An epidemiological association between cigarette smoking and primary biliary cirrhosis has been demonstrated.
Dr Claudia Zein and colleagues from Ohio determined the relationship between smoking and severity of liver fibrosis at presentation in patients with primary biliary cirrhosis.
All patients with primary biliary cirrhosis were seen at the 3 major teaching hospitals of Case Western Reserve University between 1998 and 2005.
The research team collected data obtained at the time of the first evaluation leading to the primary biliary cirrhosis diagnosis on 97 patients.
The team calculated the cumulative number of cigarette packs smoked per year.
|10 pack-years was associated with advanced histological disease|
|Alimentary Pharmacology & Therapeutics|
Advanced histological disease was defined as Ludwig stages 3 or 4.
Analyses were performed to determine associations between advanced histological disease, smoking and other variables related to liver fibrosis.

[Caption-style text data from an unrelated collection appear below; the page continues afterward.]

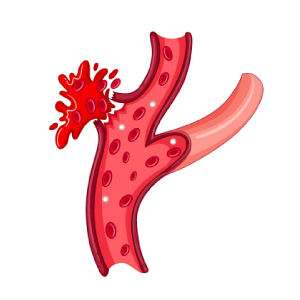 Arterielle Blutungen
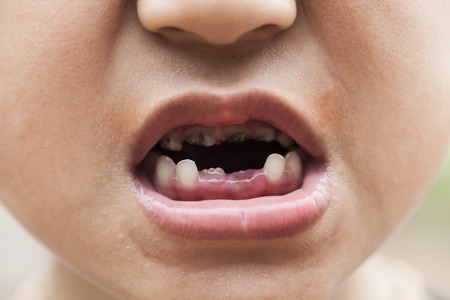 Child try to smile with decay teethの写真素材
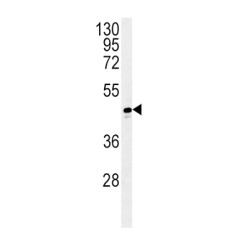 Alcohol Dehydrogenase 1C (Class I), Gamma Polypeptide (ADH1C) Antibody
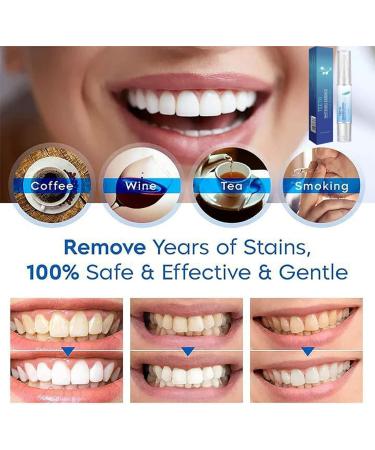 Jinxsen Teeth Whitening Essence Pen - Natural Stain Remover Gel Fast & Sensitivity-Free Travel-Friendly Tooth Whitening Solution - Buy Online on GoSupps.com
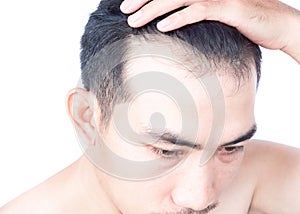 Young man serious hair loss problem for health care medical and shampoo product concept, selective focus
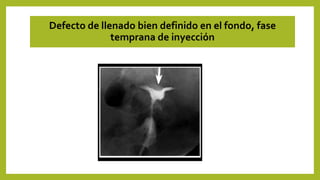 Defecto de llenado bien definido en el fondo, fase
temprana de inyección
 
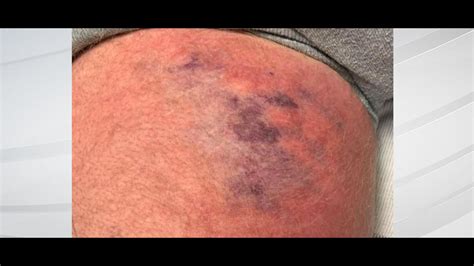 Alabama Man Hospitalized With Flesh Eating Bacteria After Kayaking In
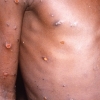 Primeiro caso de varíola dos macacos é confirmado no RS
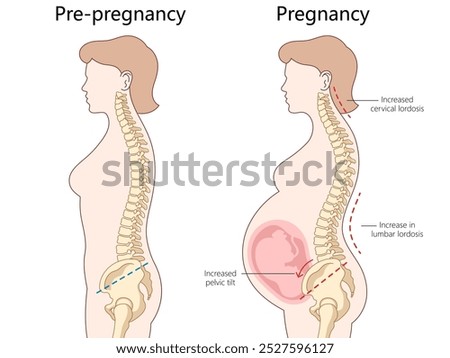 changes in spine alignment from pre-pregnancy to pregnancy, cervical lordosis, lumbar lordosis, pelvic tilt diagram hand drawn schematic vector illustration. Medical science educational illustration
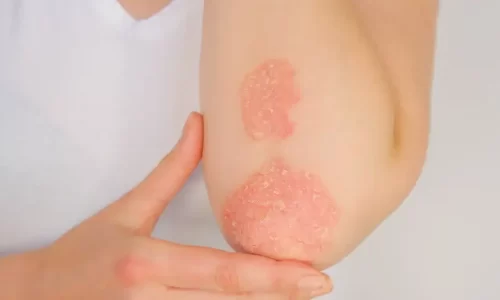 Psoriasis, Skin Disorders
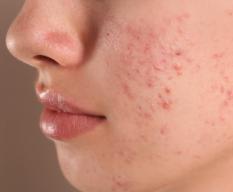 Cracking the Code on Acne: Your Guide to Clearer, Healthier Skin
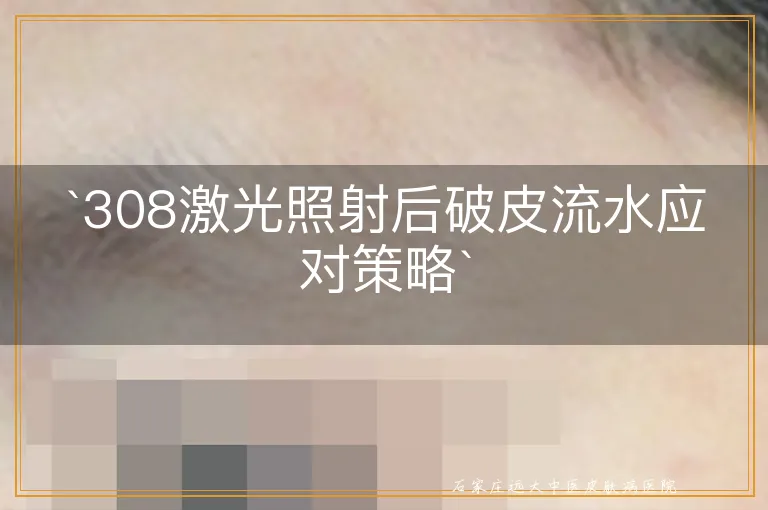 `308激光照射后破皮流水应对策略`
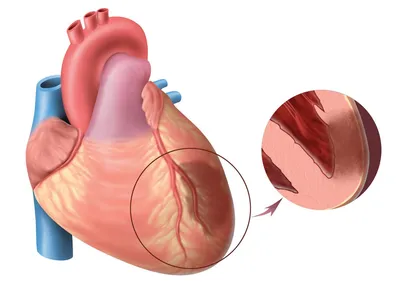 8 признаков инфаркта миокарда, при которых нужно звонить в скорую -  Лайфхакер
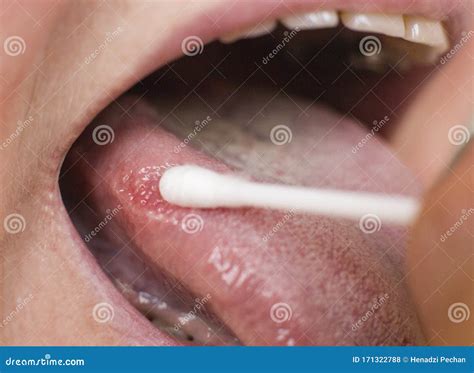 smear   disease   tongue   woman glossitis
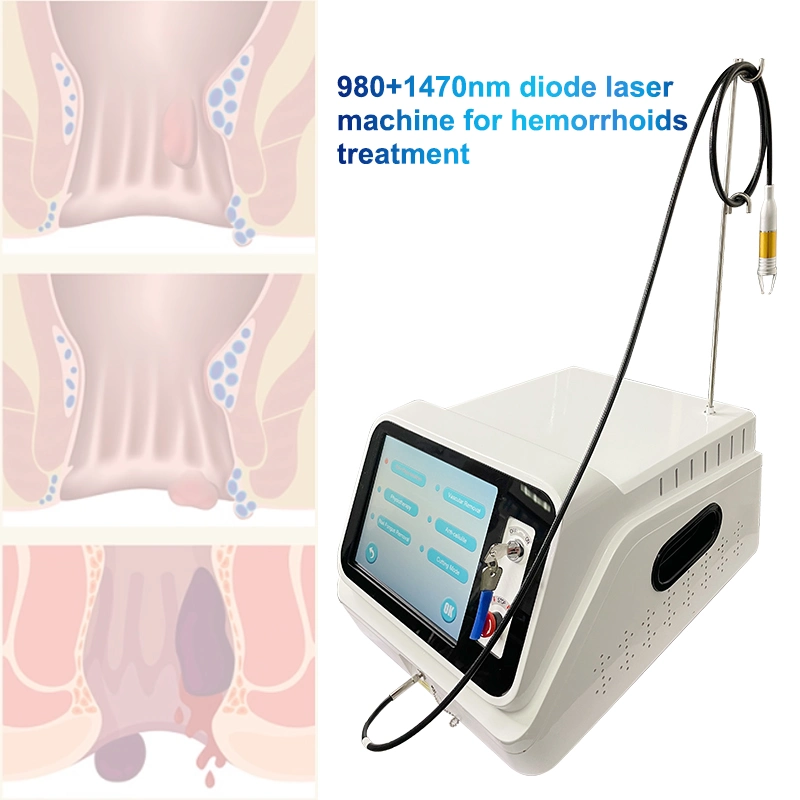 Tratamento indolor para fístulas laser de díodo inteligentes Hemorrhoids 980 Díodo laser 980 Nm 1470 Nm equipamento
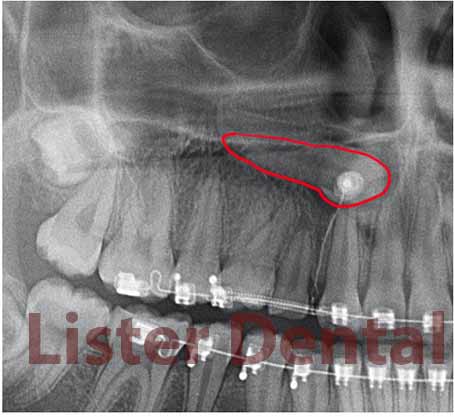 Bonding of an orthodontic bracket on impacted canine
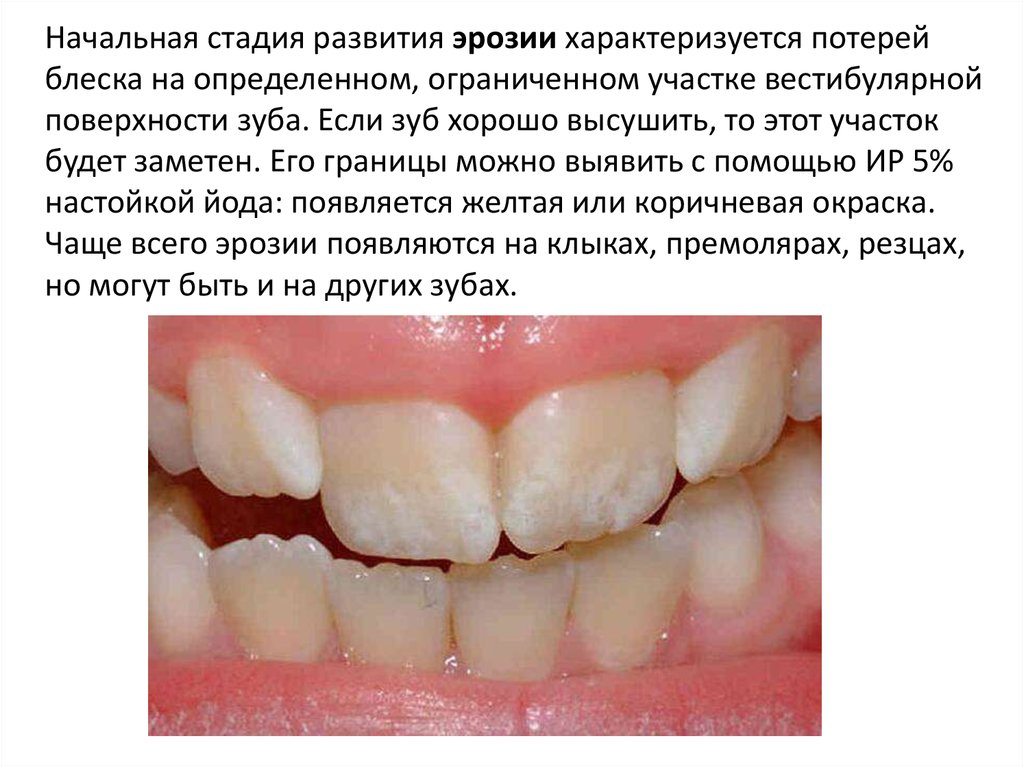 Зубы премоляры фото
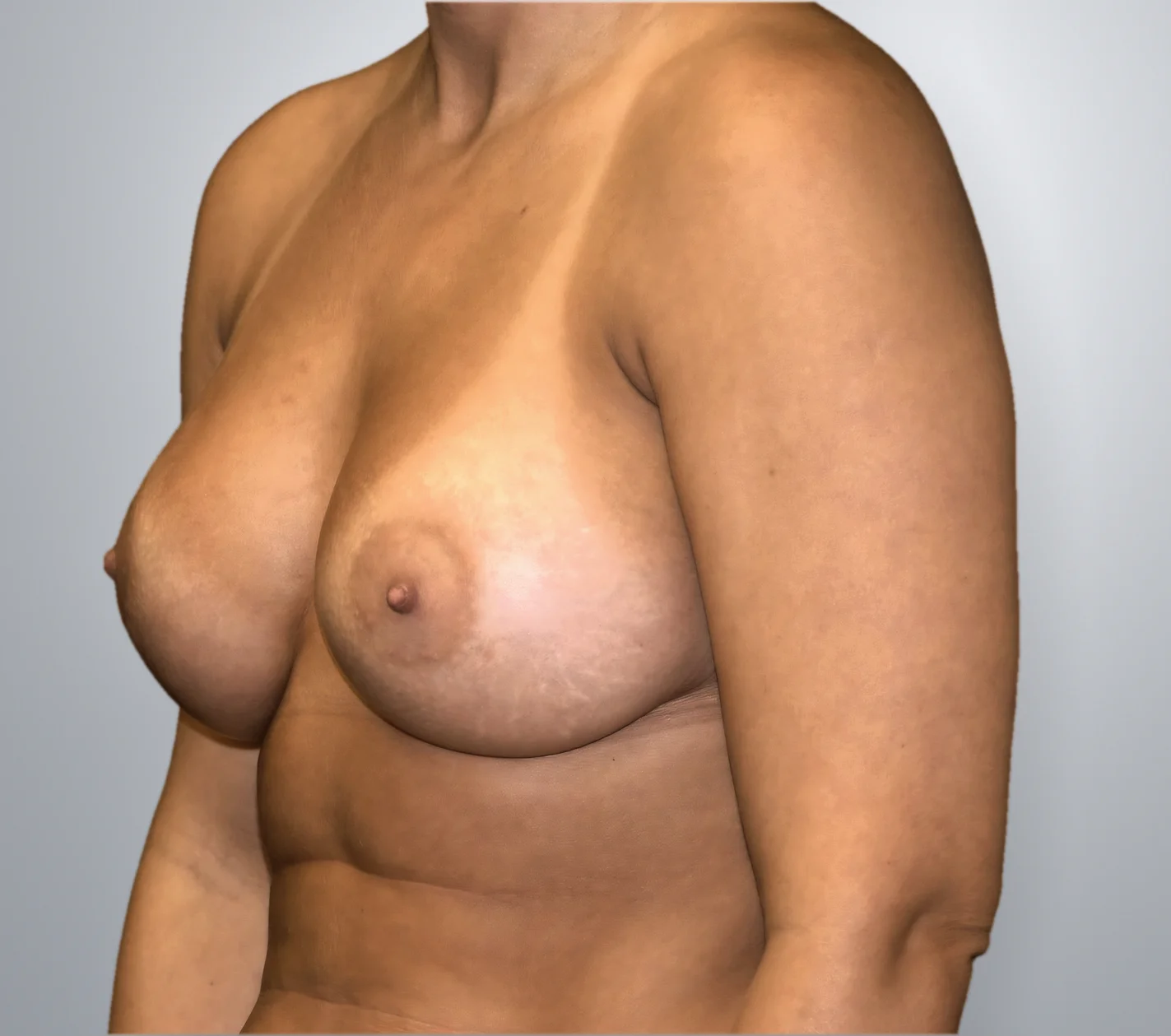 Breast Augmentation after, Edition Plastic Surgery patient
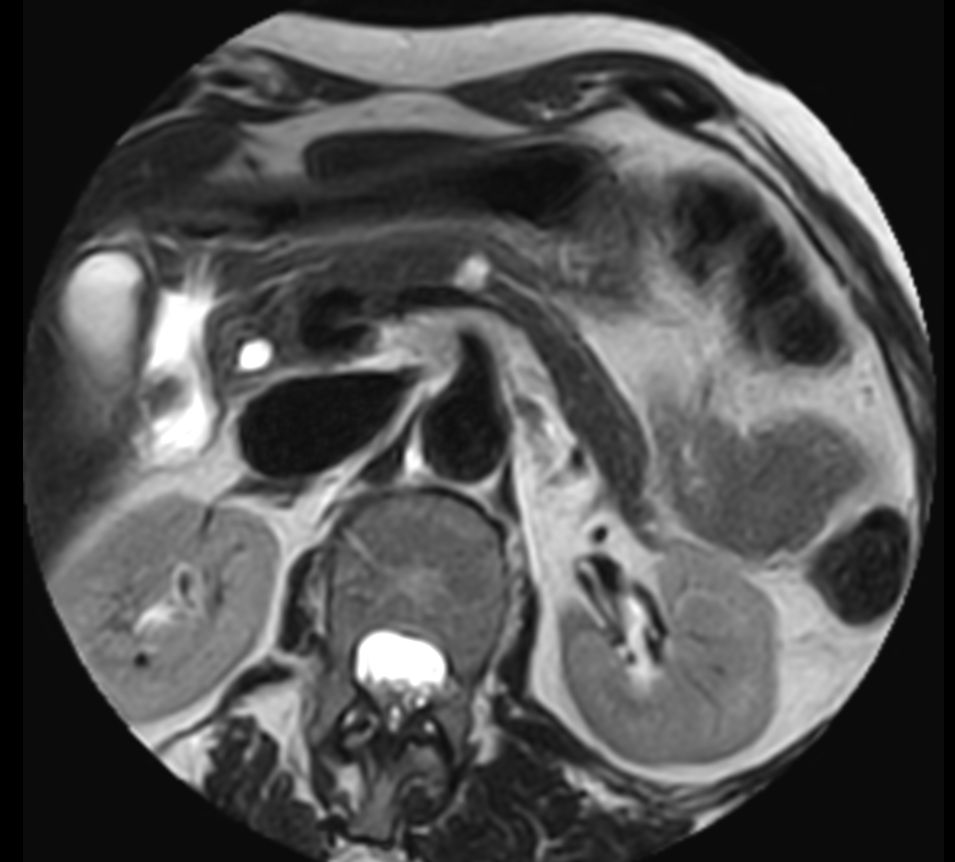 T2w TSE MultiVane XD - Free Breathing (VitalEye)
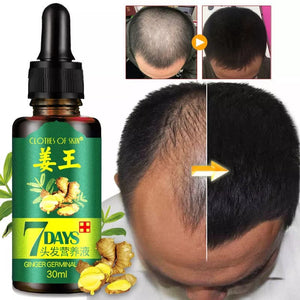 7-Day Hair Growth Serum – Herbal Anti-Hair-Fall Scalp Treatment (30ml)
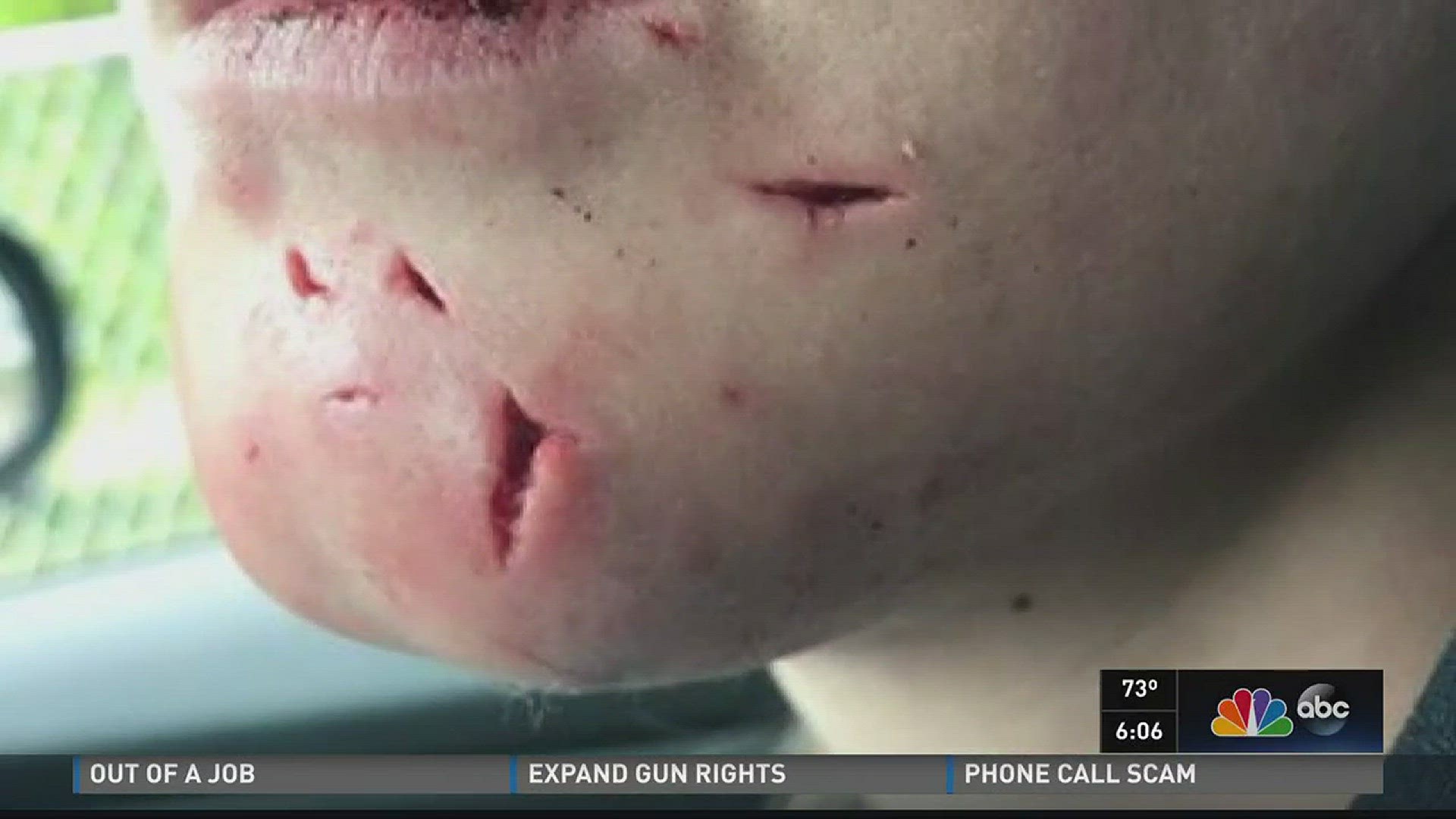 Woman recovering from severe dog attack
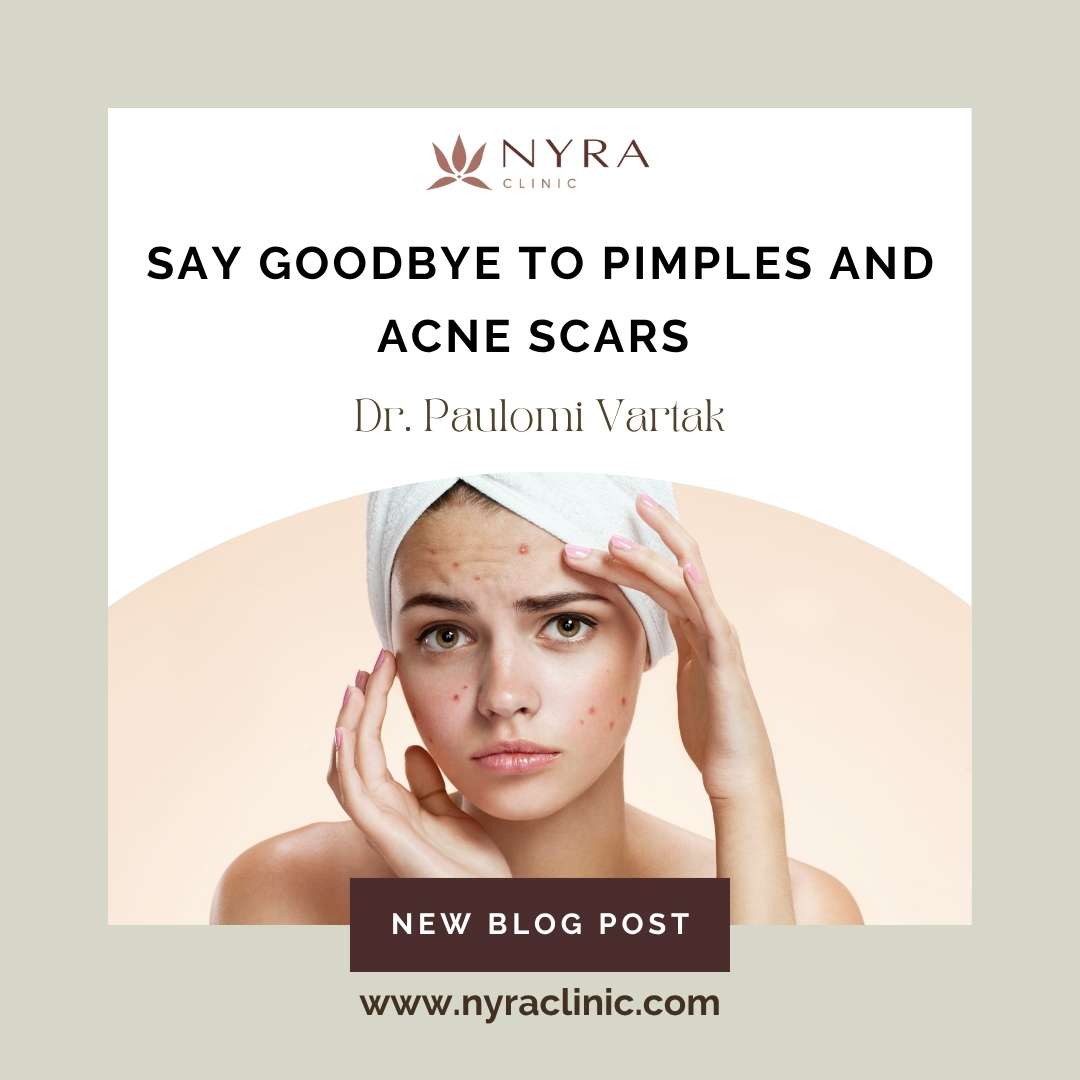 Advance Acne Scar Treatments in Pune | Nyra Clinic
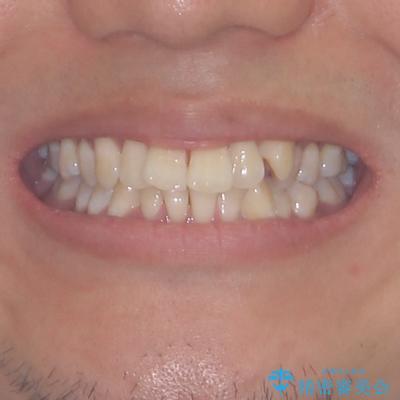 補助装置を併用してスムーズに インビザラインによる矯正治療の治療前(顔貌)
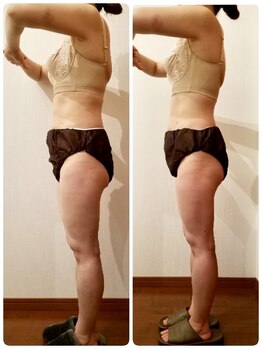 シエスタ(SIESTA)/Before→After お尻も上がります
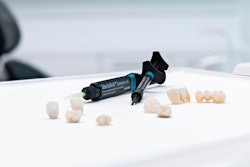 The Variolink Esthetic DC. Image courtesy of the Ivoclar Group.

The researchers found that smoking history was more common in patients with advanced histological disease at presentation vs those with early disease.
Among smokers, mean lifetime tobacco consumption was higher in cases with advanced histological disease at presentation.
The team demonstrated a significant association between a lifetime tobacco consumption of 10 pack-years and advanced histological disease at presentation.
The researchers noted that the association remained significant after adjusting for age, gender, and alcohol intake.
The validity of these results was corroborated by cross-validation in an independent confirmatory set of 172 patients with primary biliary cirrhosis.
Dr Zein's team concludes, “Smoking may accelerate the progression of primary biliary cirrhosis.”
“This could be induced by exposure to chemicals in cigarette smoke.”